Before we start the modeling, we create our future data set to use in the regression model as a predictor. We will use the automated ARIMA function to do that. When we analyze the `ARIMA` models for `ppi` and `account` variables, we could see that they have an annual seasonality.

```#Future dataset for the next 12 months
date <-
df_tidy %>%
mutate(date = yearmonth(date)) %>%
as_tsibble() %>%
new_data(12) %>%
as_tibble() %>%
mutate(date = as.Date(date))

ppi <-
df_tidy %>%
mutate(date = yearmonth(date)) %>%
as_tsibble() %>%
model(ARIMA(ppi)) %>%
forecast(h = 12) %>%
as_tibble() %>%
select(ppi = .mean)

account <-
df_tidy %>%
mutate(date = yearmonth(date)) %>%
as_tsibble() %>%
model(ARIMA(account)) %>%
forecast(h = 12) %>%
as_tibble() %>%
select(account = .mean)

df_future <-
date %>%
bind_cols(ppi) %>%
bind_cols(account)
```

Finally, we can plot the actual values from 2016 to 2023 and predictions for the next 12 months.

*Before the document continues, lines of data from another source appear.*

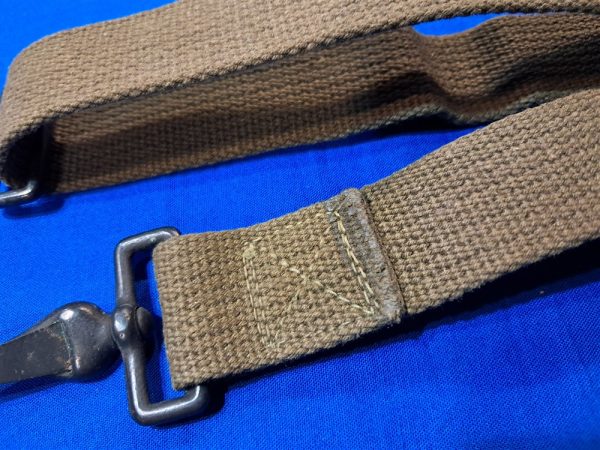 world-war-two-sling-strap-type-size-of-a-garand-sling-anchor-snaps-mint-condition
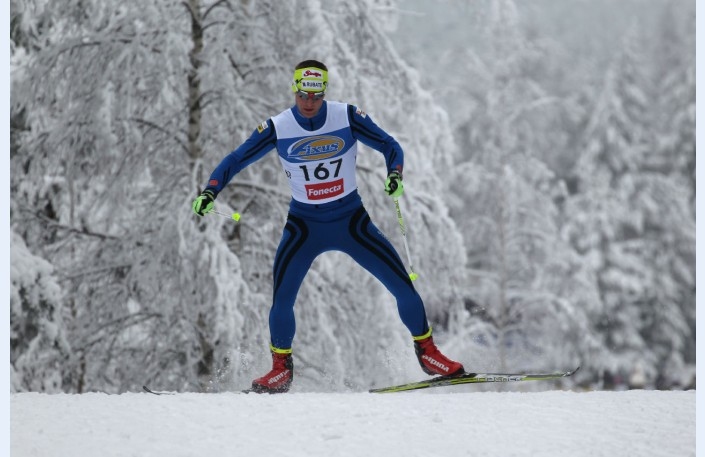 Latvijas distanču slēpotājs Jānis Paipals smagā cīņā tomēr ieguvis iespēju piedalīties Soču olimpiskajās spēlēs. 
Autors: www.diena.lv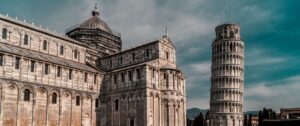 Torre inclinada de Pisa junto a la catedral, en Italia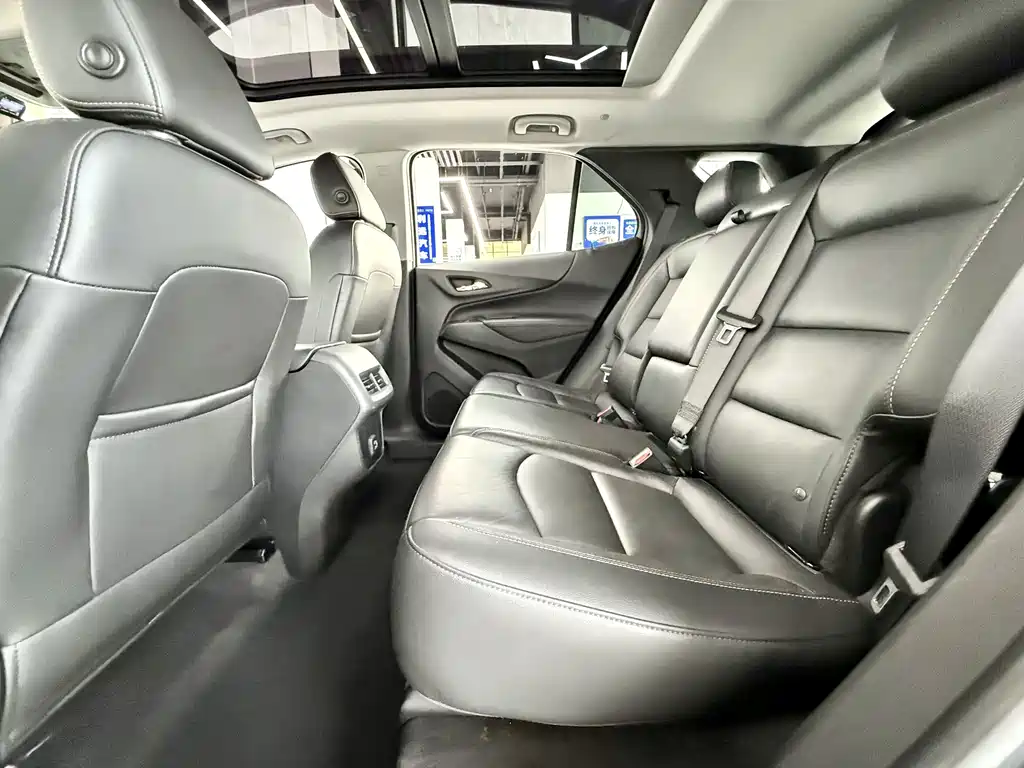 Chevrolet Equinox — миниатюра 10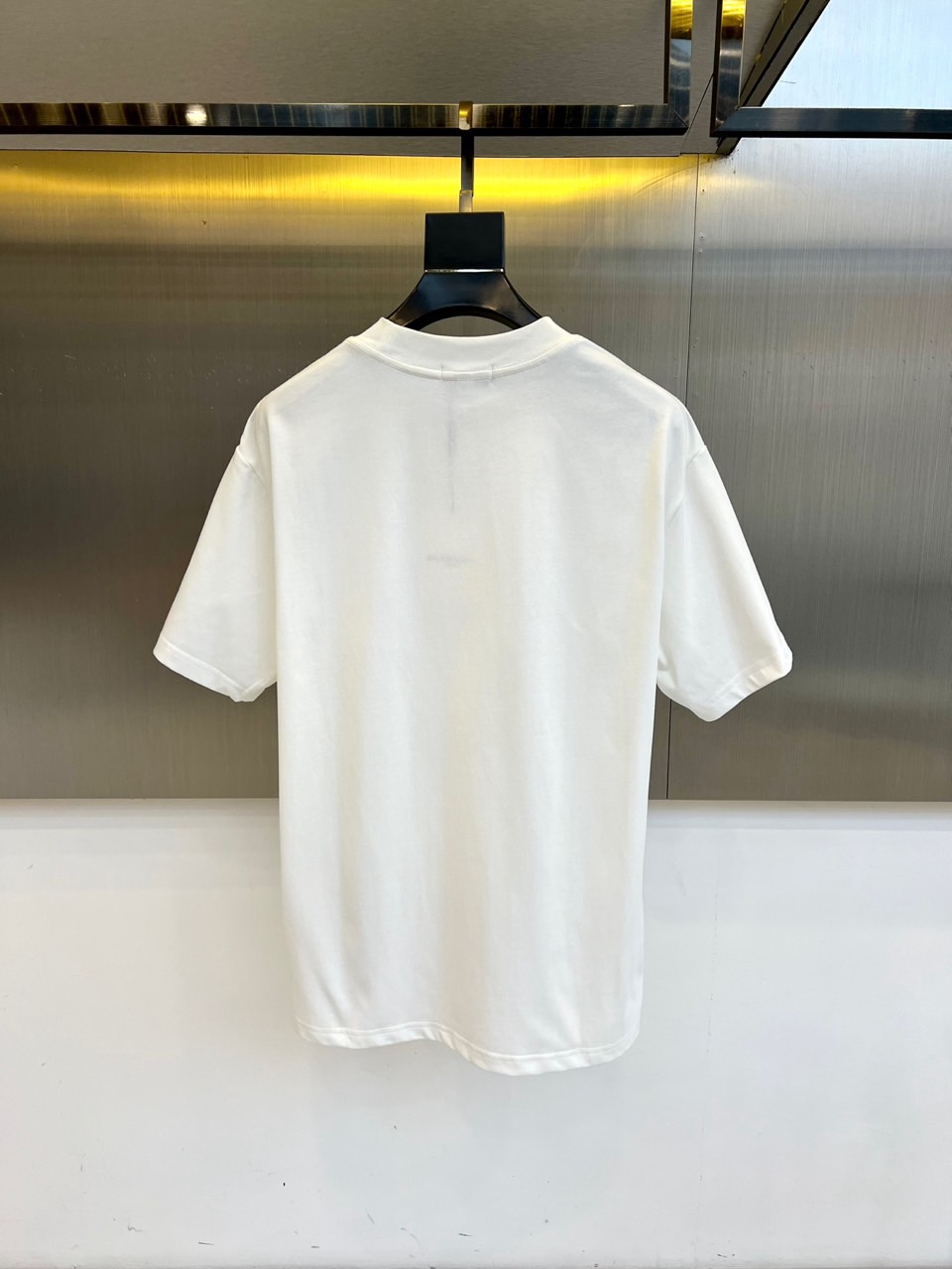 巴黎世家、2025新款男短袖T恤，选用客供进口32支/紧密100%棉双纱255g重精硫棉材质，面料织纹平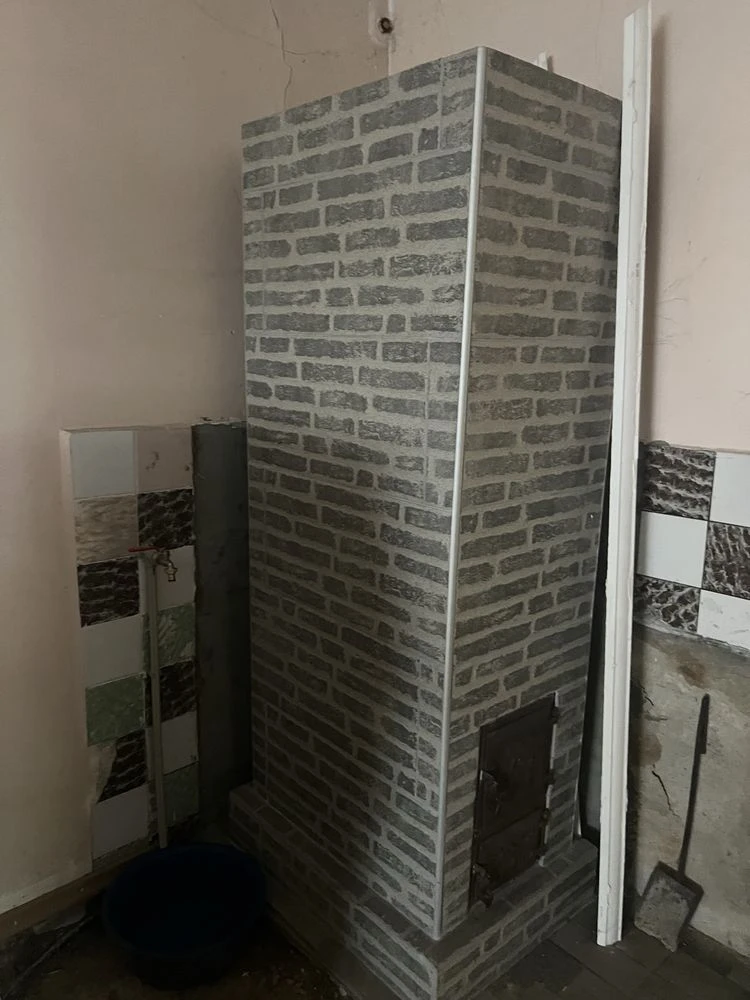 Продається невеличкий будинок в Перечині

```#Forecasting plot dataset
set.seed(1983)
df_plot <-
calibration_table %>%
modeltime_refit(df_tidy) %>%
modeltime_forecast(
new_data = df_future,
actual_data = df_tidy %>% filter(year(date) > 2015)
)

#The observation dataset
df_actual <-
df_plot %>%
filter(.key == 'actual')

#The prediction dataset
df_pred <-
df_plot %>%
filter(.key == 'prediction')

showtext_auto()

#Hoverinfo texts
text_actual <- glue::glue("{round(df_actual\$.value, 2)} TRY\n{df_actual\$.index}")
text_pred <- glue::glue("{round(df_pred\$.value, 2)} TRY\n{df_pred\$.index}")

df_plot %>%
ggplot(aes(.index, .value)) +
geom_area(
data = . %>% filter(.key == "actual"),
fill="#69b3a2",
alpha=0.5
) +
geom_line(
data = . %>% filter(.key == "actual"),
color ="#69b3a2"
) +
geom_point(aes(text = text_actual),
data = . %>% filter(.key == "actual"),
color ="#69b3a2"
) +
geom_area(
data = . %>% filter(.key == "prediction"),
fill="#cf2765",
alpha=0.5
) +
geom_line(
data = . %>% filter(.key == "prediction"),
color = "#cf2765"
) +
geom_point(aes(text = text_pred),
data = . %>% filter(.key == "prediction"),
color = "#cf2765"
) +
scale_y_continuous(limits = c(0,30))+
labs(
x = "",
y = "",
title = "The USD/TRY <span style = 'color:#69b3a2'>rates from 2016 to 2023</span>\nand <span style = 'color:#cf2765'>the predictions for the next 12 months</span>"
) +
theme_minimal()+
theme(
plot.title =
element_markdown(
hjust = 0.5,
face = "bold"
),
plot.background = element_rect(fill = "#f3f6f4", color = NA),
panel.background = element_rect(fill = "#f3f6f4", color = NA)
) -> p

#setting font family for ggplotly
font <- list(
family= "Nunito",
size=20
)

#setting font family for hover label
label <- list(
font = list(
family = "Nunito",
size = 16
)

)

#converts ggplot2 object to plotly for interactive chart
ggplotly(p, tooltip = "text") %>%
style(hoverlabel = label) %>%
layout(font = font) %>%
#Remove plotly buttons from the mode bar
config(displayModeBar = FALSE)
```

When we hover over the points, we can see that the April data is quite similar to the expectations of the Turkish exporters and, the majority of economists. So, in the near future, the parity might explode, especially after the election is to be held on May 14.